Changes in metabolic control (reduction in HbA1c compared with the baseline value) and in the hypoglycemic frequency in randomized, controlled studies (marked with appropriate colors) with usage of CGM systems, in some cases also with SaP therapy.^23,26–31 The data relate to the change in hypoglycemic frequency, not direct values. (Details of studies: duration in months, year of publication, number of patients with preexisting insulin pump therapy, number of patients with sensor-augmented insulin pump therapy [adjustment to this option in the study])

Improvement in Metabolic Control

The GuardControl study demonstrated for the first time that displaying the current glucose values and trends results in an improvement in the metabolic control of inadequately controlled patients with diabetes.²²A total of 162 children and adults with type 1 diabetes in suboptimal metabolic control (initial HbA1c 9.6% ± 1.2%) were monitored over a period of 3 months. Subjects were randomized into three groups in relation to the intensity of use of the Guardian RT system: patients in group 1 (n = 54) used this system constantly, patients in group 2 (n = 54) used it every second week for 3 days, and patients in group 3 (n = 54) served as control group. Patients in group 1 had a significant reduction in HbA1c (1.0% ± 1.1%) without an increase in the number of hypoglycemic episodes. In half the patients, HbA1c fell by ≥1%; 26% even achieved a reduction of ≥2%. Occasional use of the CGM system led to a mean improvement in HbA1c of 0.6% in group 2; however, as shown by the patients in the control group, participation in the study per se led to a mean reduction in HbA1c by 0.4%.

Use of CGM also improved metabolic control in patients with a good baseline HbA1c value as shown in the Juvenile Diabetes Research Foundation (JDRF) study, which included 322 patients with type 1 diabetes (inclusion criterion, HbA1c 7–10%).²⁴ The patients were divided into three age groups: children aged 8–14 years, young adults aged 15–24 years, and adults of 25 years and older. This study, which was commissioned by the independent JDRF (funded exclusively by donations), methodically presents the best evidence for CGM use and was published in a highly ranked journal. All three CGM systems that were available on the market in the United States at this point in time were studied; however, the data were not analyzed according to the individual CGM system used. Contrary to a company-driven study, the aim of this study was to study the “class effect” of CGM. Patients in the intervention group used CGM in addition to standard SMBG throughout the study period of 12 months, while patients in the control group initially used SMBG only to monitor their metabolism. After 6 months into the study, the patients in the control group were switched to CGM systems also. In the adult patients, use of the CGM systems led to a significant improvement in metabolic control: the average HbA1c was reduced by 0.53% from 7.60% to 7.07% after 6 months. However, the children and adolescents in the two other age groups showed no significant improvement in their metabolic control compared with those in the control group. Among children, the HbA1c improved by 0.37% when the CGM systems were used; however, the metabolic control in the children in the control group also improved by 0.22%. In this study, the obvious reason for this “negative” outcome was that these patients used the CGM devices for shorter periods of time than the patients in the adult group (discussed later).

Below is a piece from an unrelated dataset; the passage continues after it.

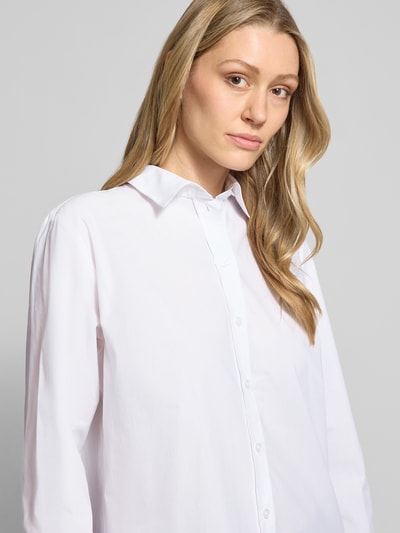 Frauenmodel trägt Hemdbluse mit Knopfleiste von Christian Berg Woman aus Reine Baumwolle, Straight Fit, Hemdblusenkragen, Nahaufnahme Oberkörper.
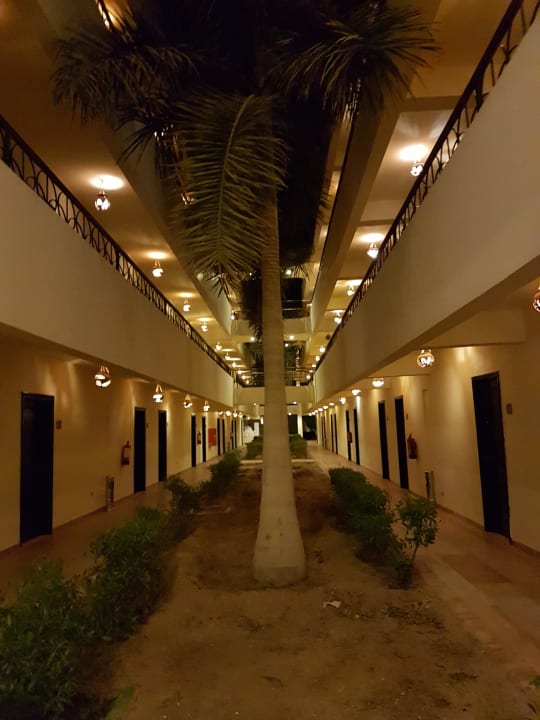 Gang zu den Zimmern LABRANDA Club Makadi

In another study, the use of a CGM system versus SMBG was studied with 120 well-controlled patients with type 1 diabetes (baseline HbA1c 6.9%).³⁰Patients in the intervention and the control group were comparable [average age, 26 years; duration of diabetes, 11.5 years; proportion of pediatric patients (age 10–17 years), 26%]. However, the proportion of patients on CSII in the intervention group was higher (76% versus 59%). Patients in both groups used a “blind” CGM system every 2 weeks to record their glucose profiles over 5 days. Over a period of 26 weeks, the study documented not only the time spent in the hypoglycemic range (<63 mg/dl), but also changes in metabolic control and parameters describing glycemic variability. The HbA1c declined in the CGM group to 6.69% (p = .008), while it remained virtually at the baseline level in the control group, at 6.95%. This improvement was seen in both age groups, namely, the adults (reduction of 0.31% from 6.83% to 6.51%) and children (reduction of 0.23% from 7.15% to 6.92%).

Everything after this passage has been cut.